Amanda Nurse tries to make sense of some confusing economic signals and asks what all this might mean for the sector.

It may not be much of a revelation but I’d like to start with a small confession. Amid the hurly burly of everyday activity, I occasionally permit myself something of a flight of fancy. I imagine myself, twenty years from now, sitting on a beach sipping a bitter lemon as I don’t drink alcohol, and looking back at what I hope I will be able to regard as having been a successful career. There’s one thing about the exercise that I’m sure about, even now; I will always be grateful that we started our business just in time to coincide with the worst recession since the 1920s. I believe there’s no better environment for learning what really matters, and for keeping you absolutely focused on business fundamentals – client service, cash management and good planning.

It’s all too easy, in dynamic and positive economic periods, for new businesses to gain a false impression of why they may be doing well. The inevitable tendency being that they are all too ready to ascribe their successes to their own capabilities rather than to the prevailing strength of the economy. Such self-delusion can have dire consequences when the conditions change.

While it can’t be described as fun, starting a business in difficult times has the advantage of not building any false impressions. I’m as happy as anyone that the economic data seems to be improving, unemployment is down, output is up and credit is starting to flow again. Of course, we have the London housing bubble to contend with and uncertainty over interest rates, but all in all there does seem to be some more confidence.

That said, there is a school of thought that sees the recovery as fragile, with the deficit still a dark cloud sitting over the economy. What sense can we make of all this as far as the care sector is concerned?

The honest response to that rhetorical question is that there is no short, simple or clear answer. As ever, changing conditions present opportunities for some, threats for others and question marks for all of us.

Recent market activity

We should take a look at what’s been happening in the sector in recent months. For starters, we’ve seen the entry of the American Real Estate Investment Trusts (REITs), who have made some significant investments. Deals have been done, amongst others, with Caring Homes, Avery Healthcare and Sunrise Senior Living. The REITs may have restricted their interest to the elderly care sector, rather than to specialist care, but we think that their entry will have a ripple effect because their intervention has the impact of reducing the volume of high quality stock available for those seeking acquisitions.

As opportunities for acquirers reduce, the natural impetus towards new development as a means of driving growth is obvious. However, this
comes with its own complications. The land market has moved significantly and the renewed confidence within the residential property sector means that the national house-builders are, if you’ll pardon the pun, dominating the landscape.

The net result is that land prices have risen significantly and this alone has a major impact on the financial feasibility of new build schemes for care operators and developers alike. Add into this particular equation a recovering construction sector which, after having been one of the most badly affected sectors of the past few years, is desperate to recover lost ground and to rebuild itself. As contract opportunities increase, confidence grows and build prices rise. It’s the unholiest of trinities.

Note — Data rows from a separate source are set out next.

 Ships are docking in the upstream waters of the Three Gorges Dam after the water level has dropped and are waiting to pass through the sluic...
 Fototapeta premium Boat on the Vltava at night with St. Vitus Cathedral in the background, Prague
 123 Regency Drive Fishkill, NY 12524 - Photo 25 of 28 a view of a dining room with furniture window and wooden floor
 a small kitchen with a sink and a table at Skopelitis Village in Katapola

I can’t point to empirical data to substantiate my point, but anecdotal evidence confirms it. I’ve been talking to contractors who are turning down work, who are only prepared to negotiate contracts and are steadfastly refusing to tender. How different from just eighteen months ago.

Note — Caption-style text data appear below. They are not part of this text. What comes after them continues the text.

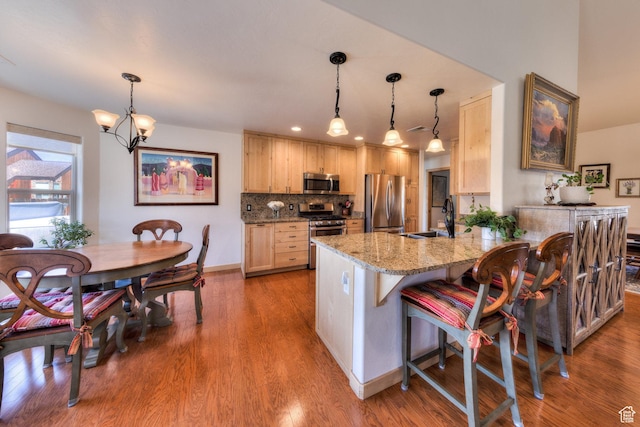 827 N Palisade Dr, Moab, UT 84532 - kitchen featuring light brown cabinetry, a sink, tasteful backsplash, stainless steel appliances, and a peninsula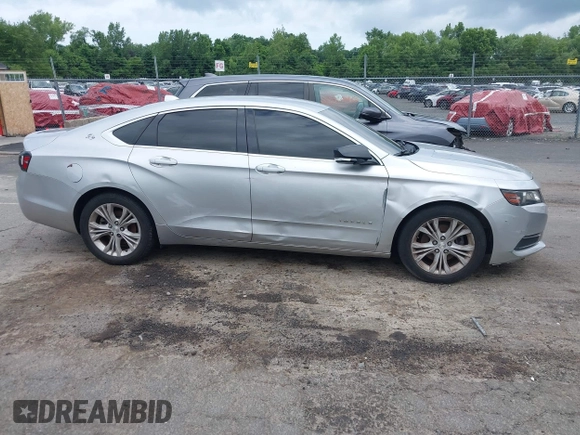 2014 Chevrolet Impala LT with VIN 2G1115SL4E9279660, listed as a IAAI auction lot 42675495 with 159,215 mi miles and . Bid and sale history available at DreamBid. Image 13.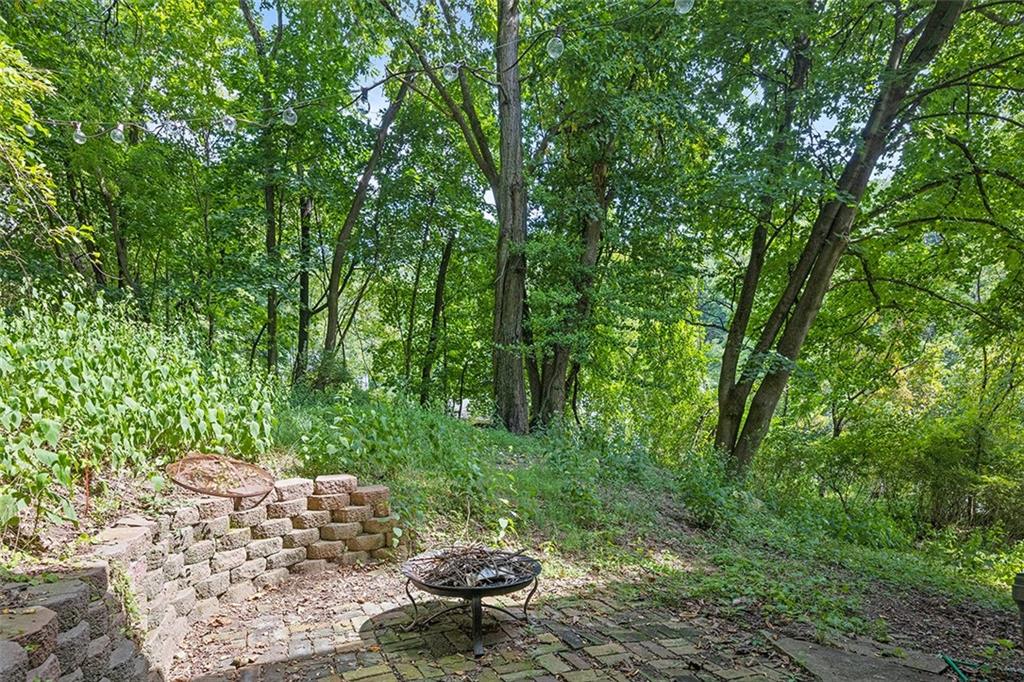 908 Dickson Road Sewickley, PA 15143 - Photo 3 of 23 a garden view with a seating space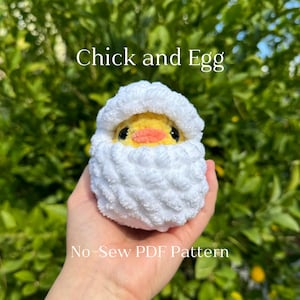 May include: A white crocheted chick peeking out of an egg with the text "Chick and Egg No-Sew PDF Pattern"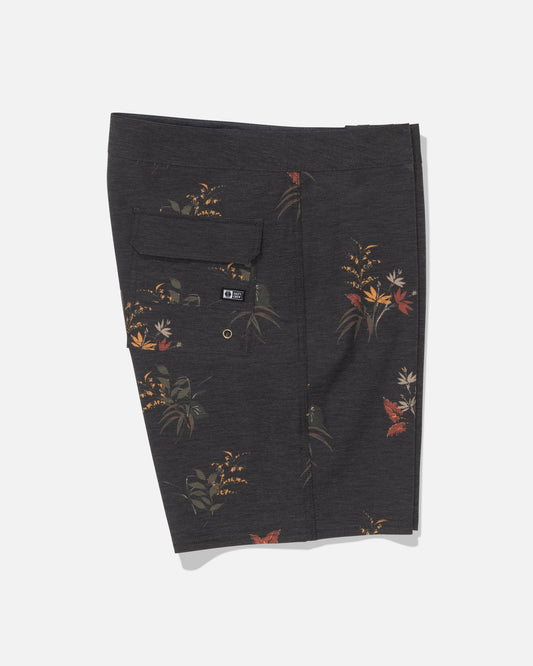 Salty Crew’s Crew 19″ Boardshort in Off Black features a subtle earth-toned floral print on dark gray recycled polyester comfort fabric for an eco-friendly feel. Designed with a back flap pocket secured by a button and finished with a small black Salty Crew brand tag, these stylish and sustainable boardshorts are shown flat against a white background.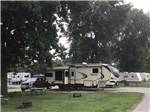 A row of pull thru RV sites at AOK CAMPGROUND & RV PARK - thumbnail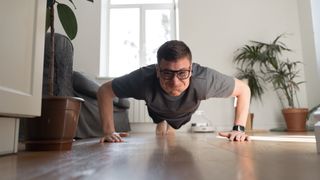 Man performing push-up, his face screwed up with effort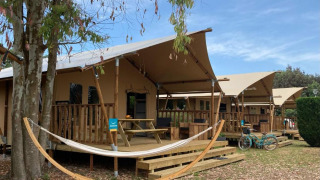 Tienda safari Wood Lodge con sanitarios privados, terraza, hamaca y bicicleta bajo cielo azul.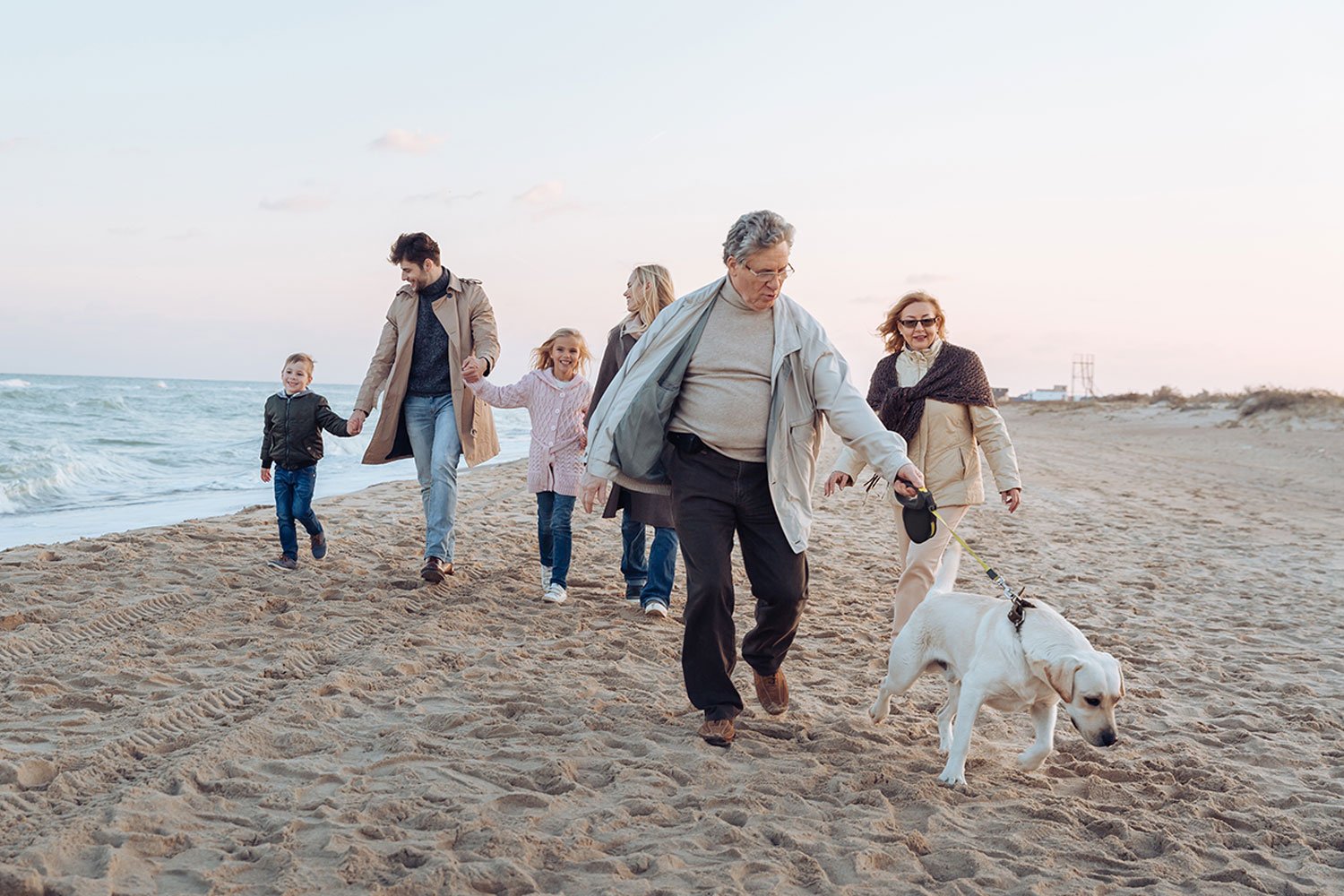 multi-generational family on the beach with their dog at sunset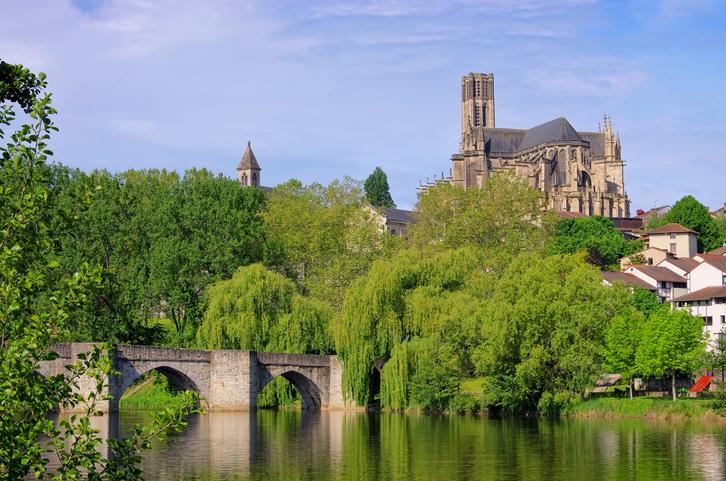 Die Kathedrale von Limoges ragt hinter Bäumen, Brücke und ruhigem Wasser in den Himmel.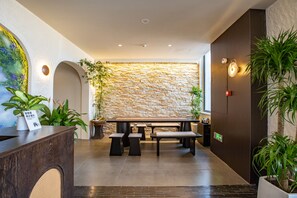 A reception area with a stone wall, a reception desk, several benches, and potted plants. - Bay Four Seasons Castle Hotel (Weihai)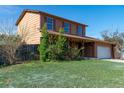Two story home with a covered porch supported by wooden posts and mature landscaping at 11098 Fairfax Way, Thornton, CO 80233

If limited stock, rising land and construction prices are bad news, something of a counter-balance can be found in the fact that there has been a reduction in the number of care homes falling into receivership. This is less to do with any improvement in trading and more about the quality of those operations left in the market after the ravages of the past few years.

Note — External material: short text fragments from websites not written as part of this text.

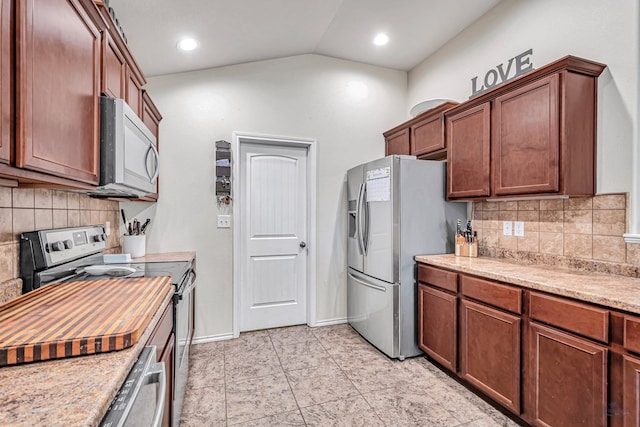 kitchen with light stone countertops, appliances with stainless steel finishes, tasteful backsplash, and vaulted ceiling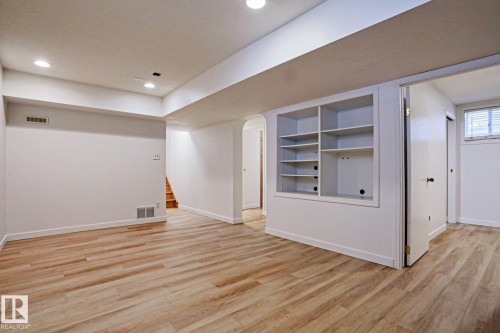 Spacious room featuring wood-finish flooring, recessed lighting, white walls, built-in shelving, and a visible window with blinds - 9611 81 Avenue, Edmonton, AB - Indoor Photo Showing Other Room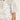 Charm Top Painterly Bloom sleeve detail showcasing insert trim around armholes and short tulip sleeves in painterly bloom.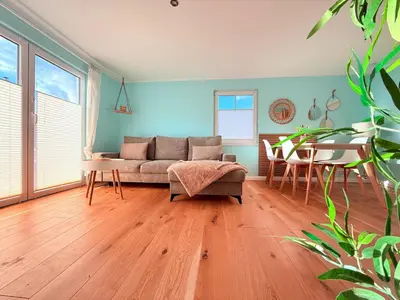 Ein Sitzbereich in der Unterkunft Ferienhaus Sanibel mit Kaminofen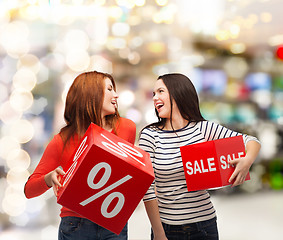 Image showing smiling teenage girl with percent and sale sign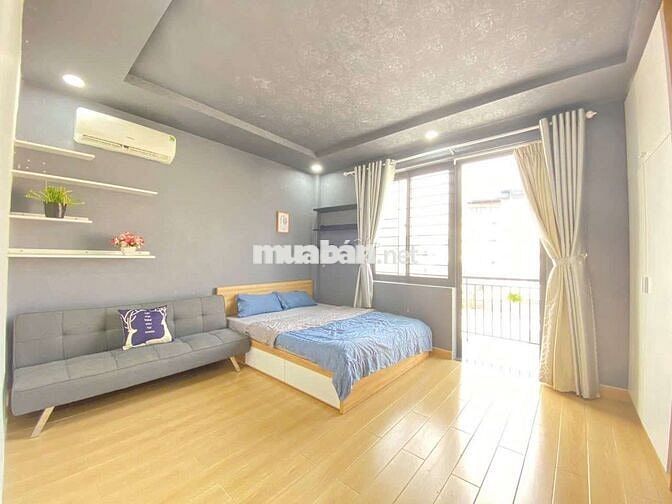 CHO THUÊ PHONG 35M2 FULL NT BAN CÔNG ĐƯỜNG NƠ TRANG LONG GẦN QUẬN 1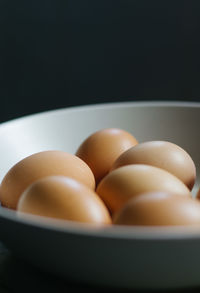 Close-up of eggs in bowl on table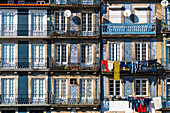 Vibrant facade of Porto apartments with traditional tiles, laundry hanging outside, capturing daily life and Portuguese architecture.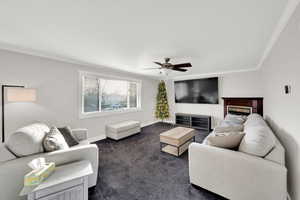 Living room featuring ornamental molding, dark carpet, and ceiling fan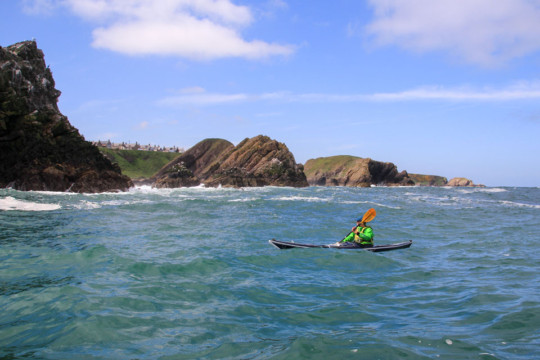 Leaving Portknockie Sea Kayak Bow Fiddle Rock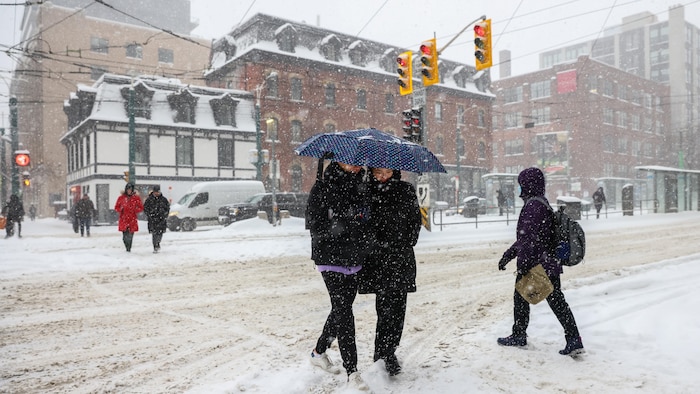Des personnes marchent dans la neige au centre-ville de Toronto.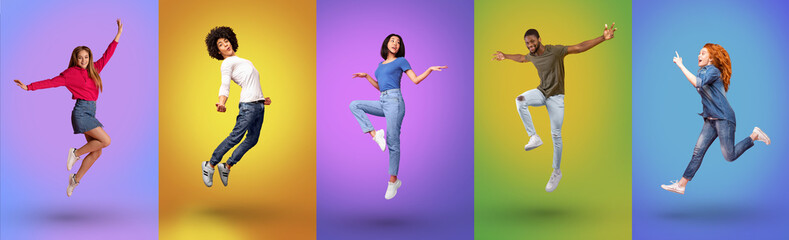 Full length of millennial international people jumping together, smiling at camera over bright neon studio backgrounds - Powered by Adobe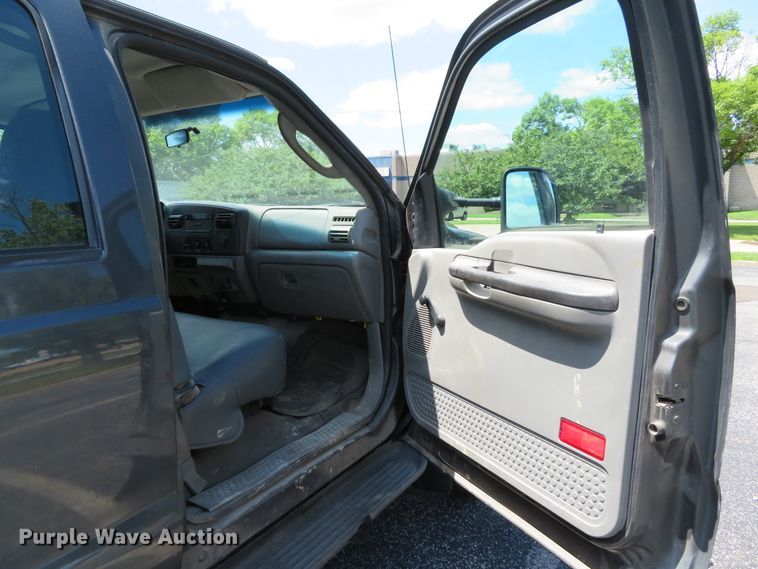 image for item DE8243 2005 Ford F450 Super Duty XL Crew Cab flat dump bed truck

Many of the businesses that went to the wall did so largely because of their financial situation. They were over-borrowed and would probably have been vulnerable to any negative change in trading conditions – not just a severe recession. Those remaining are characterised by much lower borrowings and by a commitment to the delivery of very high quality care. Those owners or operators who might have considered a sale in the recent past, for reasons of age or expediency, are now recognising that they can achieve positive returns and are considering alternative means of exit – via good succession planning, for example.

Current market trends

Looking over the site feasibility studies for proposed elderly care homes that we’ve completed in the last three years [Figure 1], it is interesting to see how the emphasis of operators and developers has changed over that period. In 2010, there was a clear focus towards the South East of England, and this area still remains a focal point for many operators. However, areas such as East Anglia and central London are now seeing increased interest. The majority of interest in central London has arisen from increased attention from overseas investors, who have better financial resources and who are less concerned by the price of land in this area.

East Anglia has historically suffered from poor quality provision even though there are some excellent pockets of wealth in counties such as Cambridgeshire. There are also other pockets of improved activity, such as Sutton Coldfield, north of Birmingham, which have seen increased interest over the period.

As anticipated, the focus of care home development broadly follows the wealth profile of the country. This is not surprising as the majority of operators remain focused upon the private fee paying market. Site values are increasing, with a growing number of sites transacting at over £50,000 per bedspace and this figure can be much higher in central London. Land values outside the M25 vary much more, ranging from £15,000 to £35,000 per bedspace.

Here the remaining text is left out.